WHAT IS EXPECTED:
Every line from the line containing "I SELL THIS" through the end of the data is to be reproduced exactly, excluding pictures.

RECORDS SHOWN:
■ ■ ■ ■
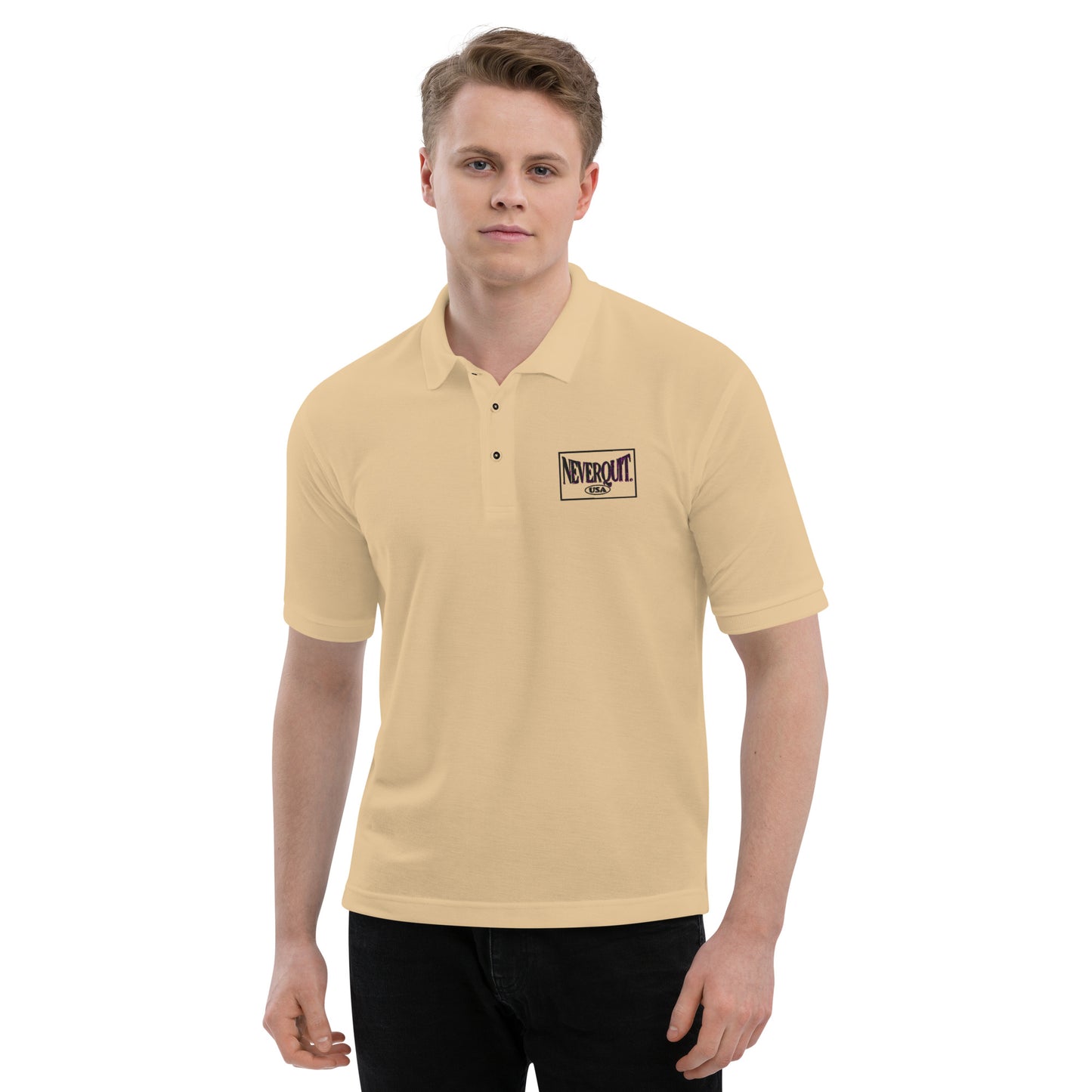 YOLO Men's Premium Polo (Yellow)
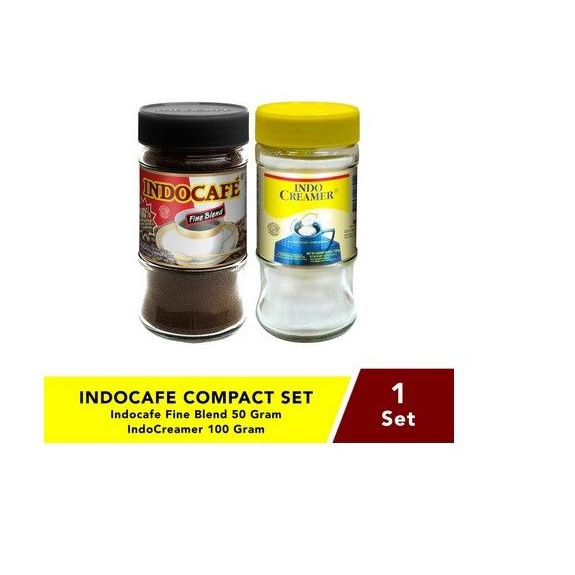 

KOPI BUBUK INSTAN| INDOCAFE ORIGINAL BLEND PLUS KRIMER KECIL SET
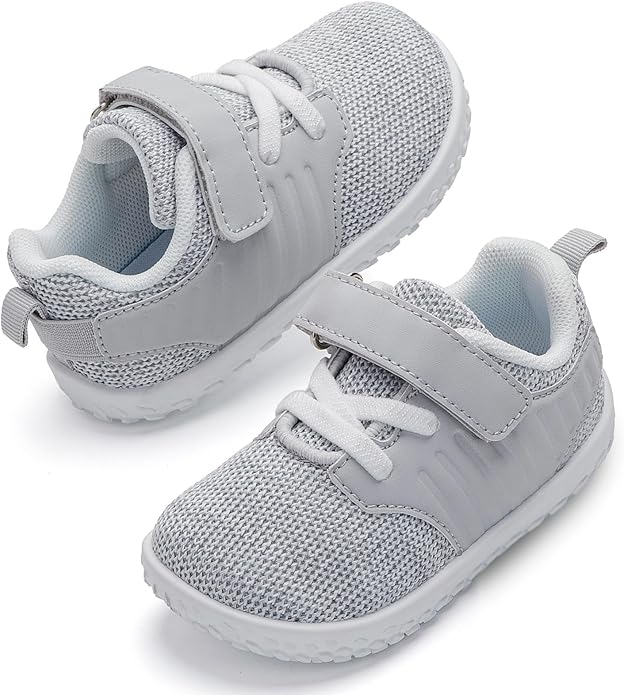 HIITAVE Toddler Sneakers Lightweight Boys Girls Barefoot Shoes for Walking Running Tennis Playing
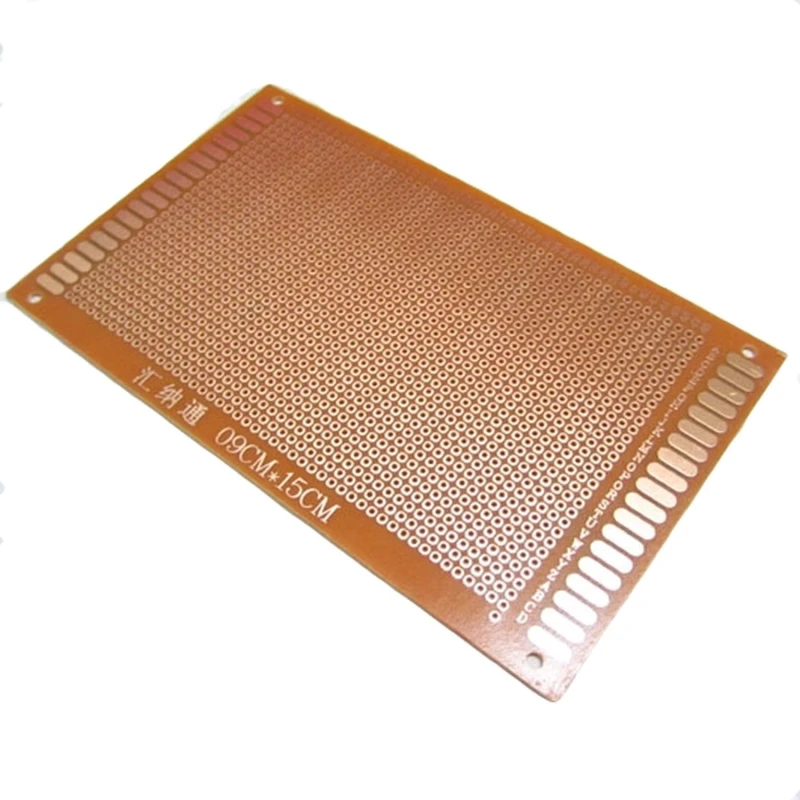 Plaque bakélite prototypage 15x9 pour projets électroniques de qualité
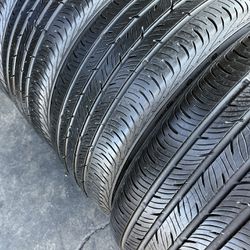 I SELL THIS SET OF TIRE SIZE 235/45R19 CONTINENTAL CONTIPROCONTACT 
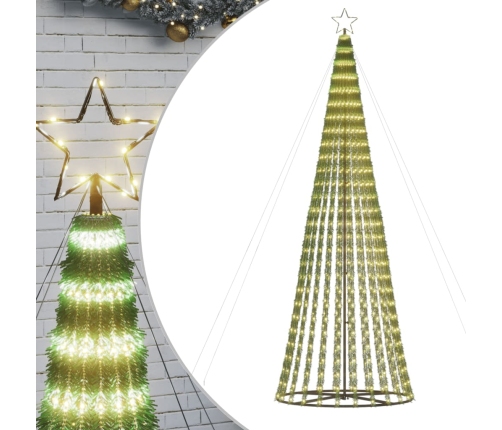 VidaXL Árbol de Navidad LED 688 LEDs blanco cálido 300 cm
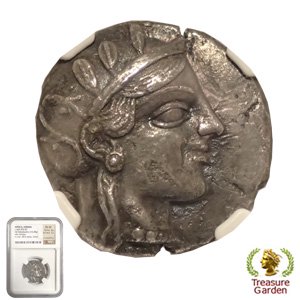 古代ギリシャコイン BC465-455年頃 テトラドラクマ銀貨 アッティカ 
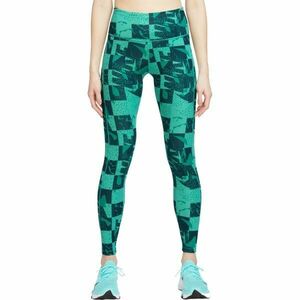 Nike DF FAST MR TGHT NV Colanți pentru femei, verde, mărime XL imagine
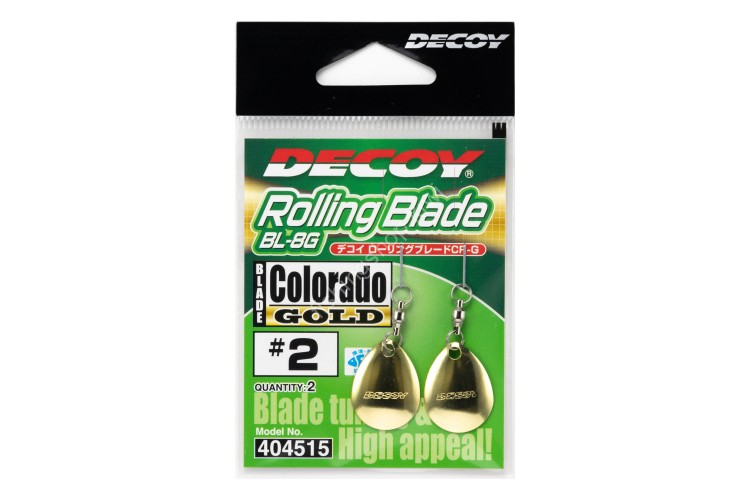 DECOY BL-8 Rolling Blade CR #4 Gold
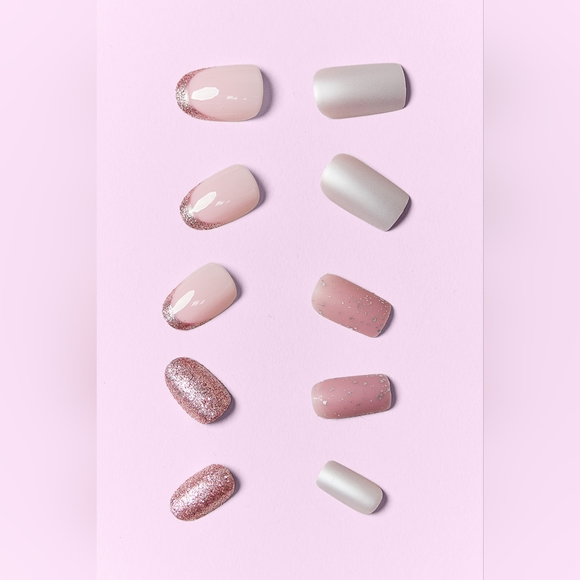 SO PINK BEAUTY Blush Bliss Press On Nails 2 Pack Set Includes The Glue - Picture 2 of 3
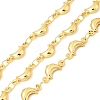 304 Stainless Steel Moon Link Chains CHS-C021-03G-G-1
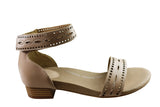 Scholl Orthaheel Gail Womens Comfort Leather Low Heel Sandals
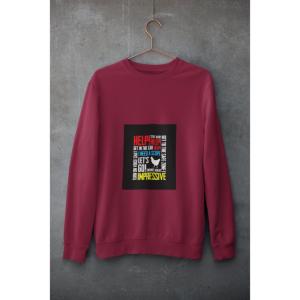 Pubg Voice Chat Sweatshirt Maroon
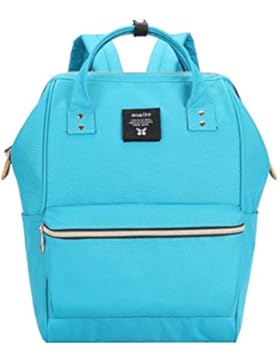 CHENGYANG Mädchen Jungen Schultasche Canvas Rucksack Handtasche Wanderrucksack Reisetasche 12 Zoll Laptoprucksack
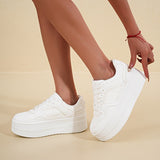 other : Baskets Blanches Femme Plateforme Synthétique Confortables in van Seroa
■ ■ ■ ■
OUTPUT:
 I SELL THIS SET OF TIRE SIZE 235/45R19 CONTINENTAL CONTIPROCONTACT 
 VidaXL Árbol de Navidad LED 688 LEDs blanco cálido 300 cm
 古代ギリシャコイン BC465-455年頃 テトラドラクマ銀貨 アッティカ 
 Nike DF FAST MR TGHT NV Colanți pentru femei, verde, mărime XL imagine
 DECOY BL-8 Rolling Blade CR #4 Gold
 SO PINK BEAUTY Blush Bliss Press On Nails 2 Pack Set Includes The Glue - Picture 2 of 3
 304 Stainless Steel Moon Link Chains CHS-C021-03G-G-1
 Scholl Orthaheel Gail Womens Comfort Leather Low Heel Sandals
 Pubg Voice Chat Sweatshirt Maroon
 CHENGYANG Mädchen Jungen Schultasche Canvas Rucksack Handtasche Wanderrucksack Reisetasche 12 Zoll Laptoprucksack
 other : Baskets Blanches Femme Plateforme Synthétique Confortables in van Seroa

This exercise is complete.